Dans le paysage ivoirien, les commerces ambulants d’attiéké ou de jus frais tenus par des femmes font partie du quotidien, à un tel point qu’il est facile d’oublier l’importance de ces activités qui permettent à ces femmes de générer quelques revenus pour subvenir aux besoins de leurs familles, dans un pays où 75% des femmes entreprennent par nécessité de survie.

Le développement d’un pays, en l’occurrence la Côte d’Ivoire, apparaît donc comme indissociable d’une réflexion sur les inégalités de genre qui en découlent. Ce n’est qu’en garantissant l’autonomisation des femmes que nous parviendrons à assurer la justice et l’inclusion, et à développer des économies durables qui bénéficient à toutes et à tous. Aujourd’hui, l’entrepreneuriat féminin apparaît de plus en plus comme un levier puissant d’autonomisation, faut-il encore qu’il soit démocratisé à l’échelle de toutes les femmes.

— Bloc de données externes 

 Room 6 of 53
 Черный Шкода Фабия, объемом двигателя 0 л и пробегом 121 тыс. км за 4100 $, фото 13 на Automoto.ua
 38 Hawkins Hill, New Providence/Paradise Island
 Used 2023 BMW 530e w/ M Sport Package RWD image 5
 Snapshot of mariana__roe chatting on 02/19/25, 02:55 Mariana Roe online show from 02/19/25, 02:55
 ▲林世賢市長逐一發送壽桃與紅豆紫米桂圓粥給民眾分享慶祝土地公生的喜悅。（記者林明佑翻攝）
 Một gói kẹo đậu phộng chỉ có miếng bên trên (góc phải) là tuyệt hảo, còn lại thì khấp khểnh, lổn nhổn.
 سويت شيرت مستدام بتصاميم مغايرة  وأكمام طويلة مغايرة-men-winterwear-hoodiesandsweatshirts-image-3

Quel lien entre l’entrepreneuriat et l’autonomisation ?

Le concept d’autonomisation conduit indéniablement à la notion de pouvoir. Le pouvoir de diriger sa vie, d’être en capacité de s’exprimer librement, d’avoir l’accès et le contrôle sur ses ressources, d’avoir confiance en soi et d’être conscient de sa force intérieure pour exercer ses propres choix. En somme, ce que permet l’entrepreneuriat grâce à la création d’une source de revenus stables pour l’entrepreneure, la possibilité de se projeter, d’agir, de penser de façon indépendante, et de participer à la vie économique et sociale de sa communauté.

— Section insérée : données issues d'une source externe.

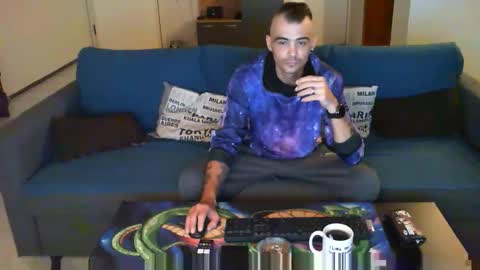 Snapshot of xxbooba_valentinoxx chatting on 10.01.25 xXBooba ValentinoXx online show from 10.01.25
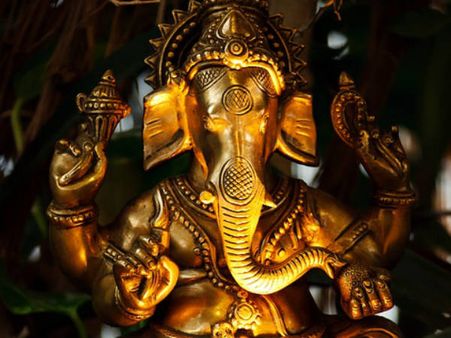 ৩. সব দেবতাকেই কি দুর্বা ঘাস দেওয়া যায়? 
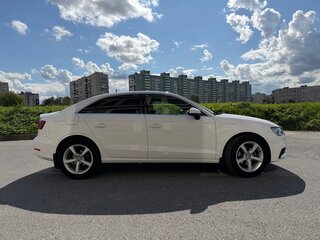 2016 Audi A3 III (8V), белый, 1800000 рублей, вид 4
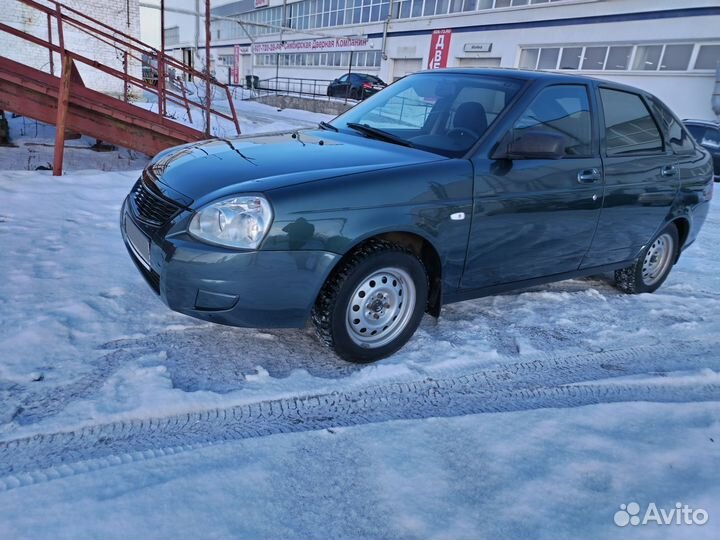 LADA Priora 1.6 МТ, 2010, 200 000 км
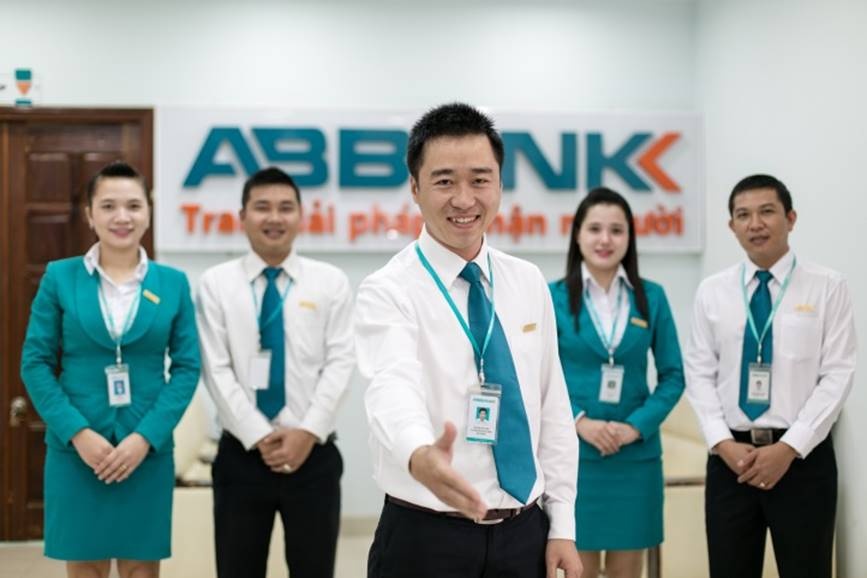 ABBANK ủng hộ thêm 2 tỷ đồng hỗ trợ bệnh viện Bạch Mai chống dịch Covid-19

Créer son entreprise en Côte d’Ivoire : aubaine ou nécessité ?

Les femmes sont davantage que les hommes à se lancer dans l’entrepreneuriat en Afrique, mais elles sont aussi confrontées à bien plus d’obstacles pour créer et diriger leurs entreprises. Sans garantie d’accès à des réseaux,des financements, des formations, et des cadres législatifs favorisant le respect de leurs droits fondamentaux,l’entrepreneuriat peut aussi devenir un secteur source de grande précarité.

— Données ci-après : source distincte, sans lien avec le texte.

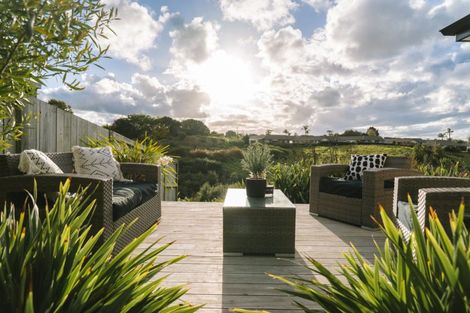 Photo of property in 18 Hass Drive, Ohauiti, Tauranga, 3112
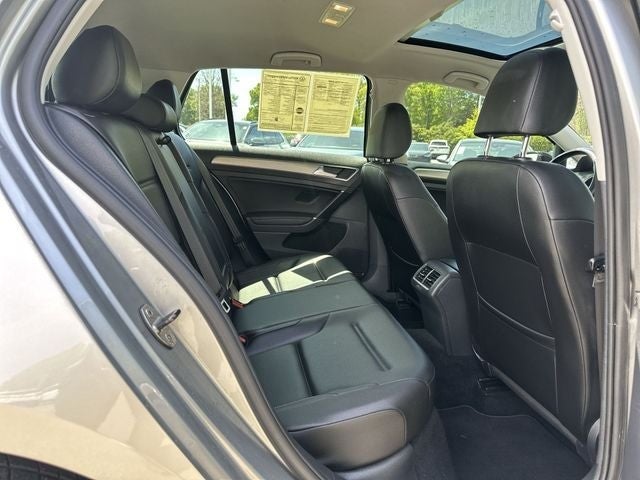 2017 Volkswagen Golf Wolfsburg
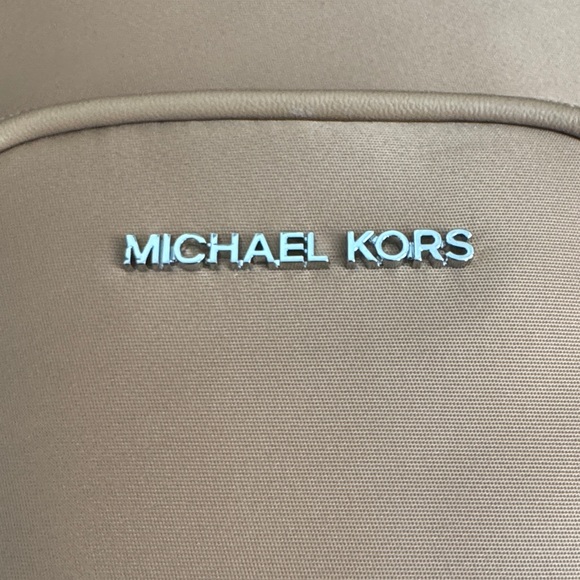 Michael Kors Khai North/South Pocket Crossbody – Peanut (NWT) - Picture 3 of 7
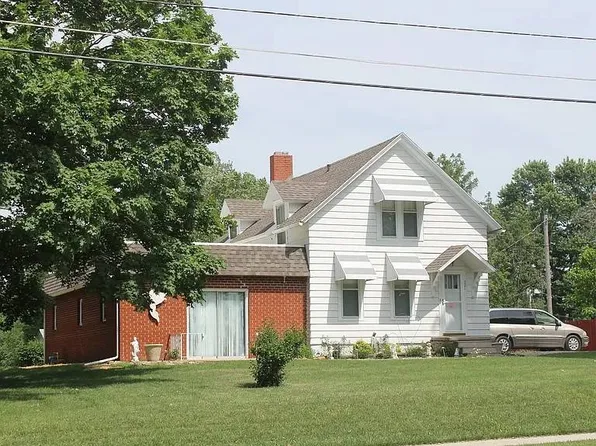 521 S Walnut St, Cameron, MO 64429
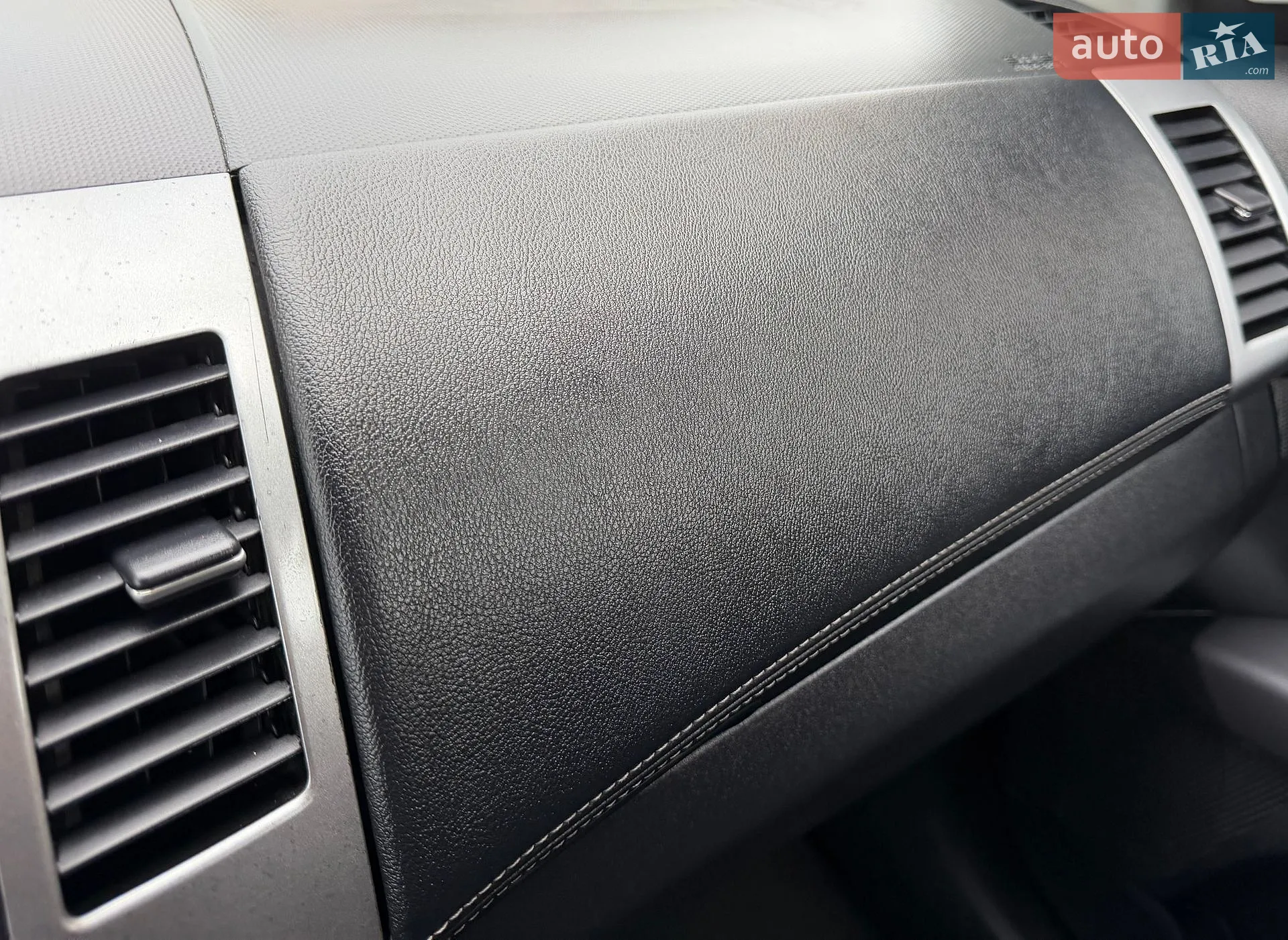 2011 Mitsubishi Outlander - мініатюра 64
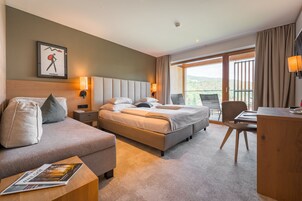 In-room safe, desk, blackout drapes, soundproofing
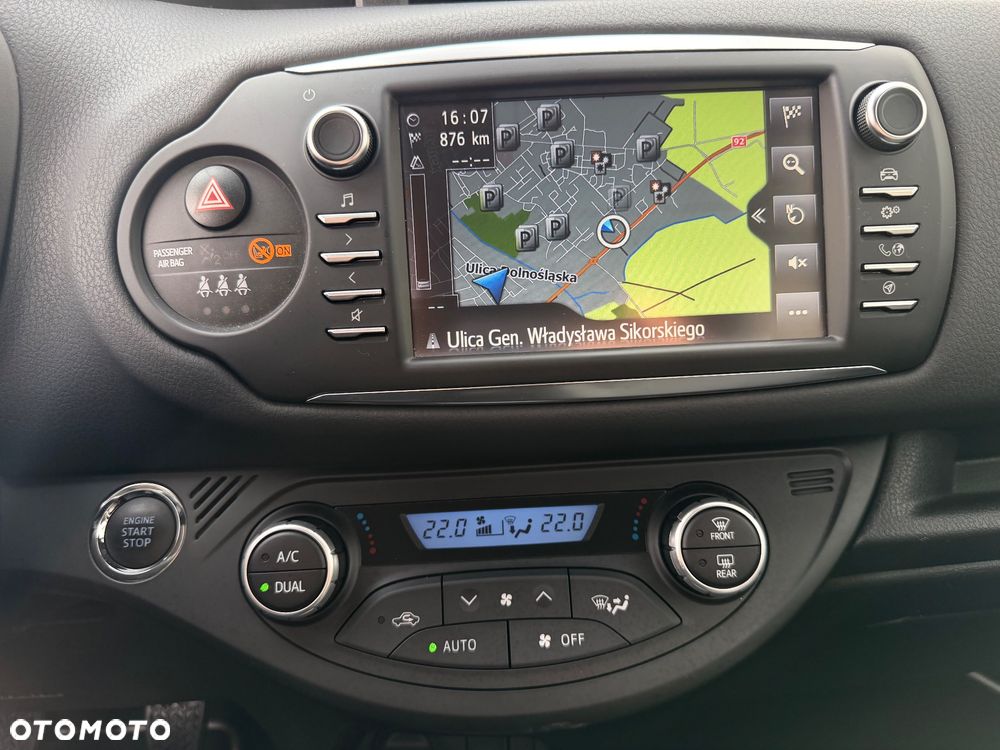 Toyota Yaris 1.5 Premium - 26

Avec trois fois moins d’opportunités professionnelles dans le secteur formel que les hommes, les femmes sont obligées de se battre pour créer leur propre emploi, sans pour autant être comptabilisées dans l’Économie du pays. Bien qu’il soit insuffisant de cantonner l’autonomisation des femmes à un mieux-être économique, c’est néanmoins un premier pas vers d’autres formes d’indépendance comme la participation à la prise de décision sur l’utilisation des revenus, ou encore leur visibilité au sein de la communauté.

Comment assurer une autonomisation durable ?

Aujourd’hui, l’entrepreneuriat est limité et réservé à une certaine classe sociale et majoritairement aux hommes.Pour aider les femmes à s’inscrire dans une démarche d’autonomisation durable, l’écosystème entrepreneurial doit être plus inclusif. Pour cela, il est nécessaire d’agir auprès des institutions et autres parties prenantes du secteur de l’entrepreneuriat afin de faire évoluer les modes de représentation et d’impliquer femmes et hommes dans sa transformation.

D’autre part, il faut soutenir les femmes à franchir les barrières qui les empêchent d’atteindre leur plein potentiel,en les outillant à travers des programmes d’accompagnement à l’entrepreneuriat et au leadership et en développant des opportunités de rencontre favorisant l’émergence de communautés d’entraide. De la vendeuse d’attiéké à la startuppeuse, Empow’Her propose des parcours de formation et d’incubation adaptés aux différents besoins et ambitions des femmes car il n’existe pas un type d’entrepreneuriat féminin, mais des leaders.